On February 19, 1967, the Torrey Canyon left the oil refinery of Al Ahmadi in Kuwait. The supertanker was heading for Milford Haven, Wales, United Kingdom after circumventing South Africa. She was transporting 120,000 tons of crude oil. Built in 1959 in the United States by Newport News Shipbuilding, she was jumboized in 1965, and lengthened from 247 to 297 meters; her initial capacity of 60,000 tons was doubled. She was the pride of oil shipping companies.
On March 18, 1967, the Torrey Canyon, due to a faulty navigation, was impaled on the reefs between the Isles of Scilly and Cornwall.
Two months later, the aftermath of the shipwreck was taking a heavy toll – 150 kilometers of polluted shores in Southeast United Kingdom. Thousands of birds covered in oil came across the English Channel and were washed up dead or dying up from Calais to the Ile d’Yeu, France. The coastline was in mourning from the peninsula of La Hague to the tip of Brittany. The Channel Islands were wearing black.
For the first time, the expression “Black Tide” was on the front page of the news.
Bombing of the Torrey Canyon.
After she ran aground, the size of the Torrey Canyon was seen as her downfall.
Fifty years later, the average capacity of a crude oil tanker is 300,000 tons.
The Torrey Canyon was named after an oil well in California and owned by the Bermuda-based Barracuda Tanker Corporation. She was chartered by the Union Oil Company of California and sub-chartered for her fatal voyage by BP, British Petroleum. She was sailing under the Liberian flag and her crew was Italian. When, against all odds, the English catastrophe also became a catastrophe for the West of France, Christian Fouchet, the Minister of the Interior, declared that sailing under a flag of convenience was defying the rules of the civilized world and assimilated this emerging practice to piracy.
Fifty years later, 71% of the world merchant fleet sails under flags of convenience.
At the end of March 1967, confusing the Torrey Canyon with the Scharnhorst or the Bismarck, the Royal Air Force dropped firebombs and napalm rockets on the wreck, and spred tons of kerosene over the ocean, in order the crude to burn and vanish. The raid failed. The pumping of tanks would have been possible according to the experts at the time.
Fifty years later, the practice has been abandoned and bombing oil reserves is restricted to war fields, where it is already too much.
The United Kingdom used 10,000 tons of chemical dispersants to divide, disperse, and “erase” the crude oil slicks. This practice which only adds pollution to pollution has widely been abandoned, but nevertheless persists.
Forty-three years later, as previously stated, chemical dispersants which are toxic for fauna and flora, fish farming and oyster farming, were widespread during the oil spill of the Deepwater Horizon platform, owned by BP, British Petroleum, in the Gulf of Mexico.

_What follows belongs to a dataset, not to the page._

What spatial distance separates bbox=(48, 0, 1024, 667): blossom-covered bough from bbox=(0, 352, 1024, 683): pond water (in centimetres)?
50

The black tide of the Torrey Canyon was spread out into a vast legal vacuum. The community of maritime States was focused on the oil pellets covering the beaches, which did not spare a single foot or a single child during the holidays. The draft of international law and national regulations were concentrated on degassing and discharges of residues from tank clean-up at sea. The shipwrecks, the collisions, and the groundings were not considered, despite a number of revealing previous indicators, since they were more discrete. The Torrey Canyon was also the beginning of the seizing of ships to pay reparations to the victims of hydrocarbon pollution. France was the first to do so, in July 1968 with the seizure in Rotterdam of another tanker owned by the Barracuda Tanker Corporation to obtain partial compensation for the costs incurred.
Fifty years later, the framework is reinforced by a set of measures: nautical, such as the required traffic separation scheme; legal, such as the affirmation and extension of the right to intervene of coastal states; financial, such as the International Oil Pollution Compensation Funds (IOPC); international, such as the MARPOL convention, the International Convention for the Prevention of Pollution from Ships; and technical, such as the requirement for tankers to have a double hull.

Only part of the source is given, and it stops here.